═══ Material provided
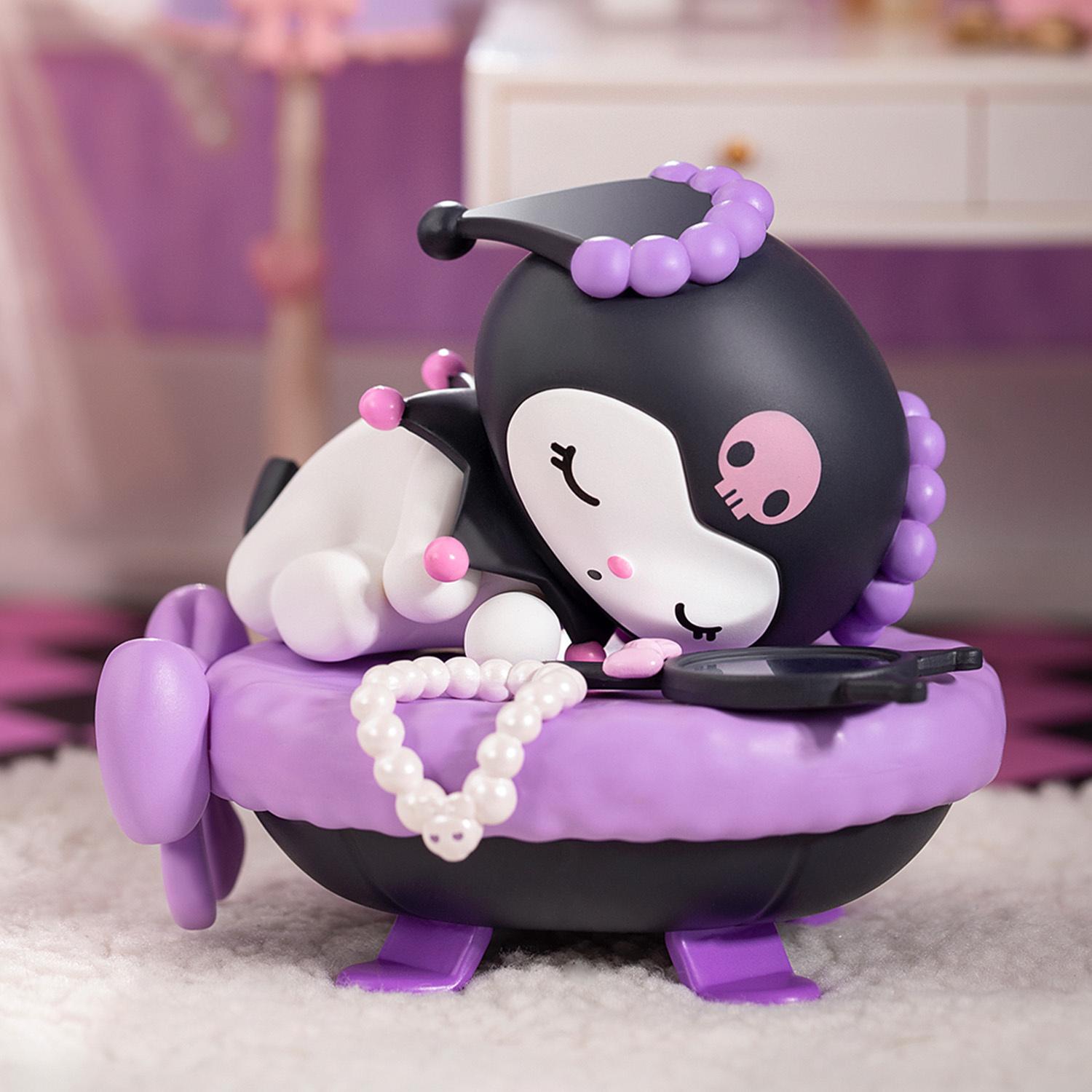 Produktbild Sanrio Hello Kitty Fall Asleep Series Pop Mart Sammelfigur, sortiert - eine Blindbox-Spielzeugserie mit 8 cm großen Figuren 4 von 8
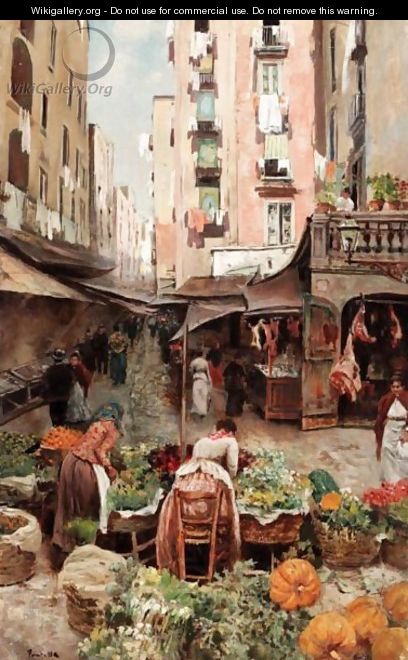 Market Scene - (after) Attilio Pratella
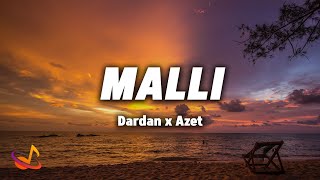 DARDAN x AZET  MALLI Lyrics [upl. by Anaehs]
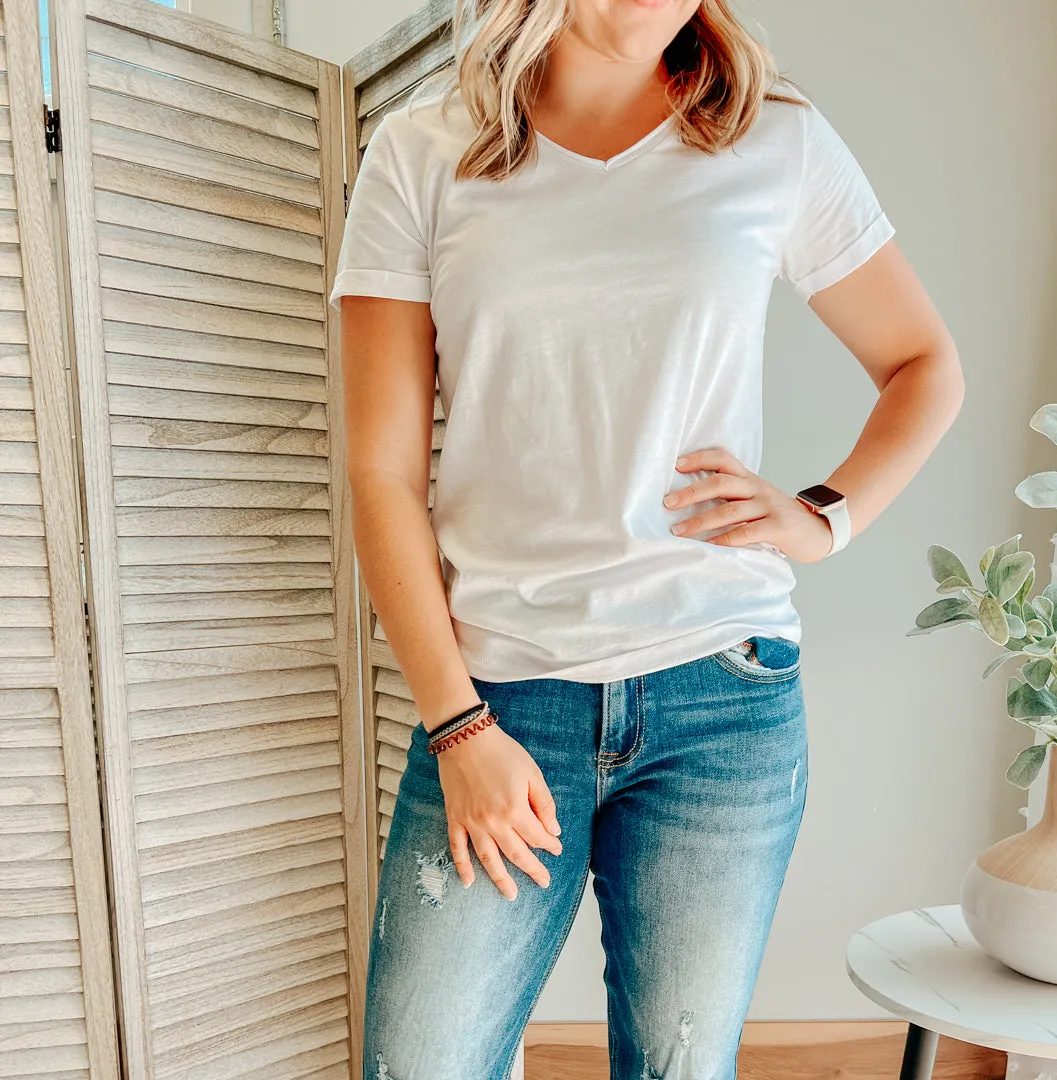 Soft V-Neck Tee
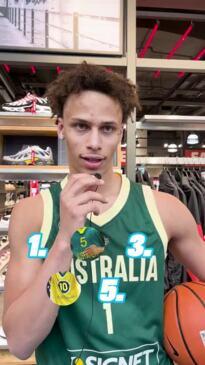 The Boomers blind rank Aussie Olympics jerseys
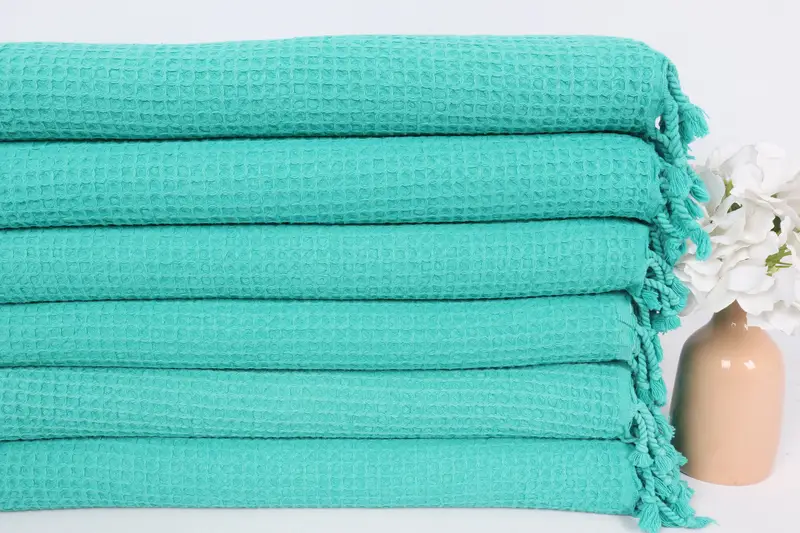 Bachelorette Towel, Small Bath Towels, Housewarming Gift, Monogram Kitchen Towel, 40x20 Cotton Waffle Towel, Turkish Hand Towel, Bridesmaid Favors - 3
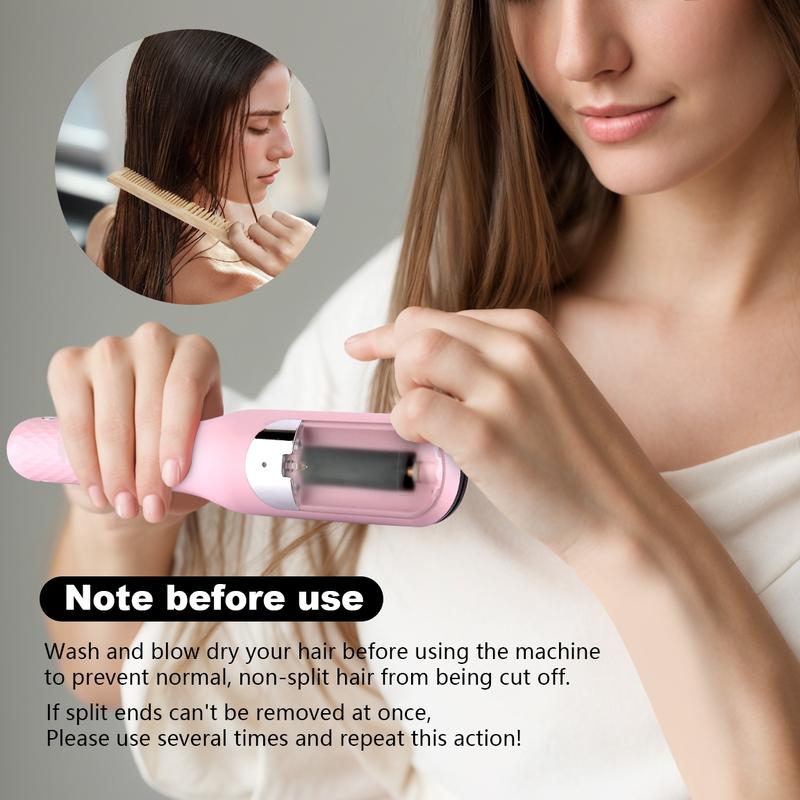USB Rechargeable Multi-Functional Hair Split End Trimmer, Portable Electric Hair Clipper for Home Use, Built-in Battery for Easy Charging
══════
● How to complete this task
Every entry above needs to be copied exactly, apart from its pictures.

● Result below
 Produktbild Sanrio Hello Kitty Fall Asleep Series Pop Mart Sammelfigur, sortiert - eine Blindbox-Spielzeugserie mit 8 cm großen Figuren 4 von 8
 Market Scene - (after) Attilio Pratella
 DARDAN x AZET  MALLI Lyrics [upl. by Anaehs]
 Soft V-Neck Tee
 The Boomers blind rank Aussie Olympics jerseys
 Bachelorette Towel, Small Bath Towels, Housewarming Gift, Monogram Kitchen Towel, 40x20 Cotton Waffle Towel, Turkish Hand Towel, Bridesmaid Favors - 3
USB Rechargeable Multi-Functional Hair Split End Trimmer, Portable Electric Hair Clipper for Home Use, Built-in Battery for Easy Charging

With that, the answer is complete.